> What is being asked
For every line below, output the text exactly and leave out images.

> Material shown
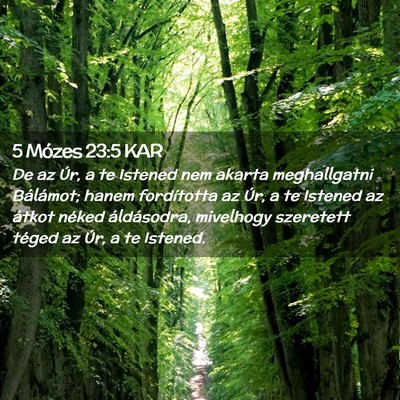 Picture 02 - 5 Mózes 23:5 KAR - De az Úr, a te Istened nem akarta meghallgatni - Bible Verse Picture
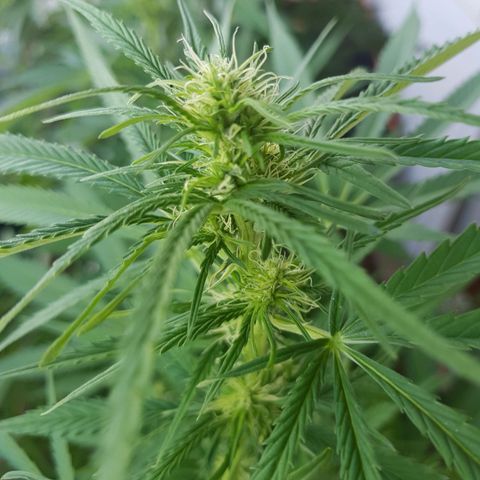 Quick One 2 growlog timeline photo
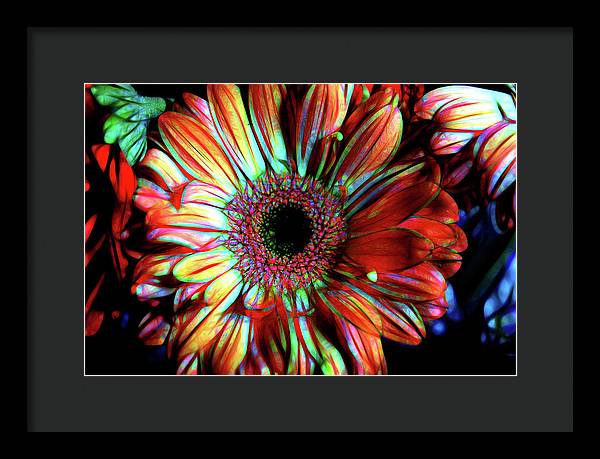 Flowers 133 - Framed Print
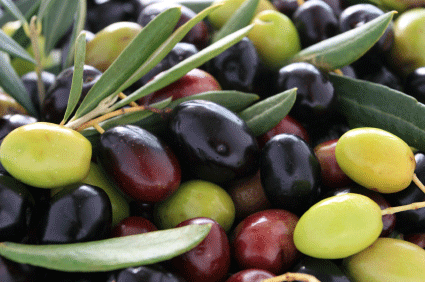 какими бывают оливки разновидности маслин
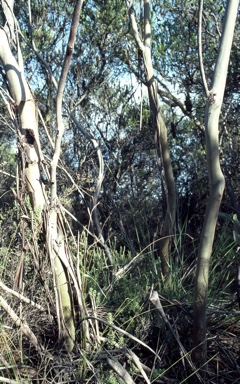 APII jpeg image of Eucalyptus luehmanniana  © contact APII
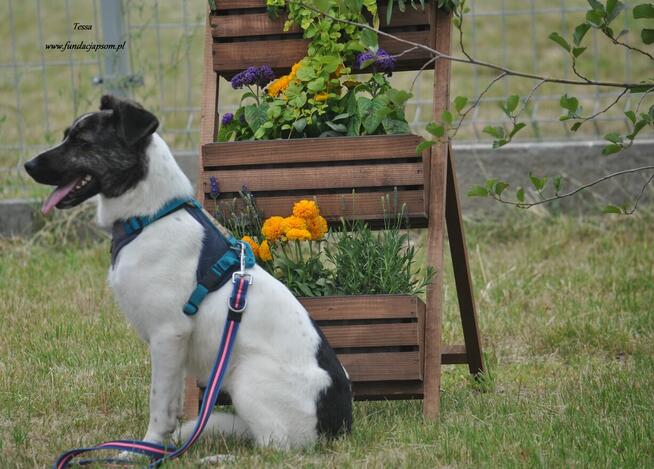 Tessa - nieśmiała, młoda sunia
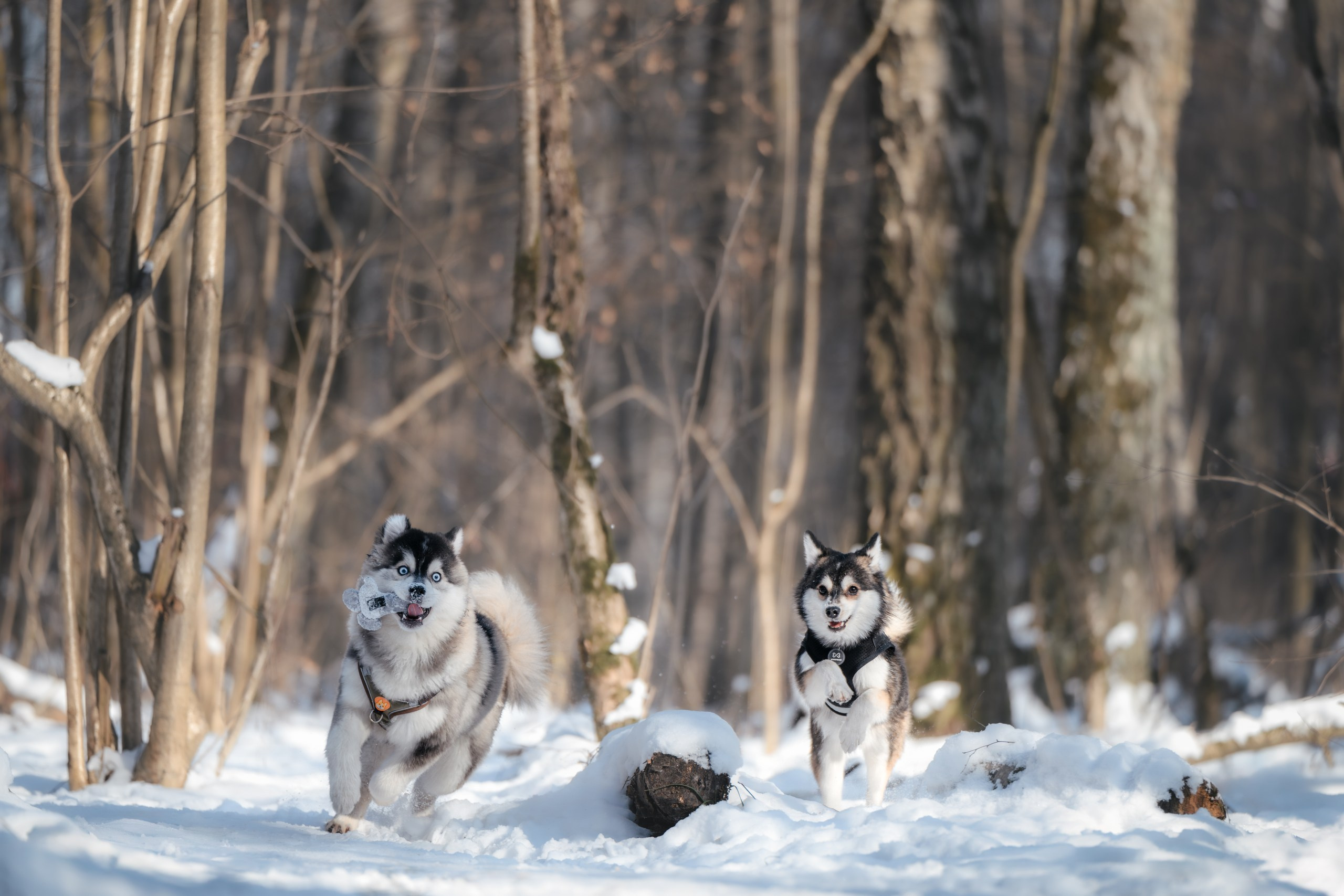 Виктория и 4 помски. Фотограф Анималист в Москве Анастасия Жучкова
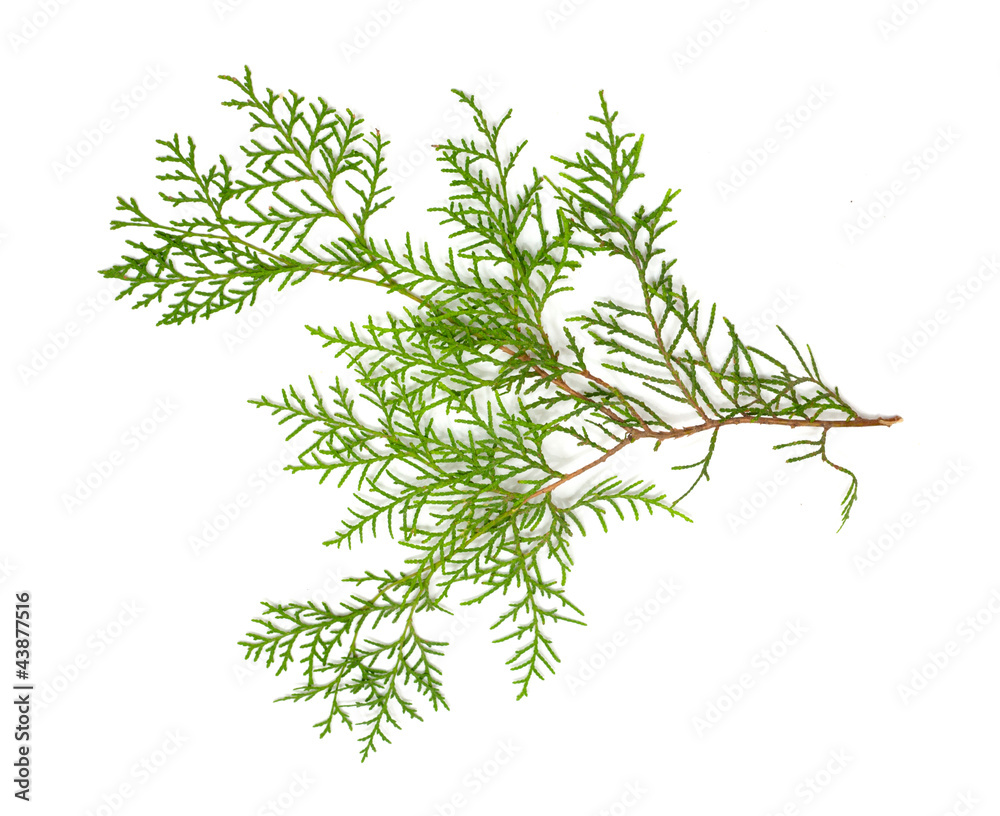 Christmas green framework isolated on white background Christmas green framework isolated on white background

> Reply
 Picture 02 - 5 Mózes 23:5 KAR - De az Úr, a te Istened nem akarta meghallgatni - Bible Verse Picture
 Quick One 2 growlog timeline photo
 Flowers 133 - Framed Print
 какими бывают оливки разновидности маслин
 APII jpeg image of Eucalyptus luehmanniana  © contact APII
 Tessa - nieśmiała, młoda sunia
 Виктория и 4 помски. Фотограф Анималист в Москве Анастасия Жучкова
 Christmas green framework isolated on white background Christmas green framework isolated on white background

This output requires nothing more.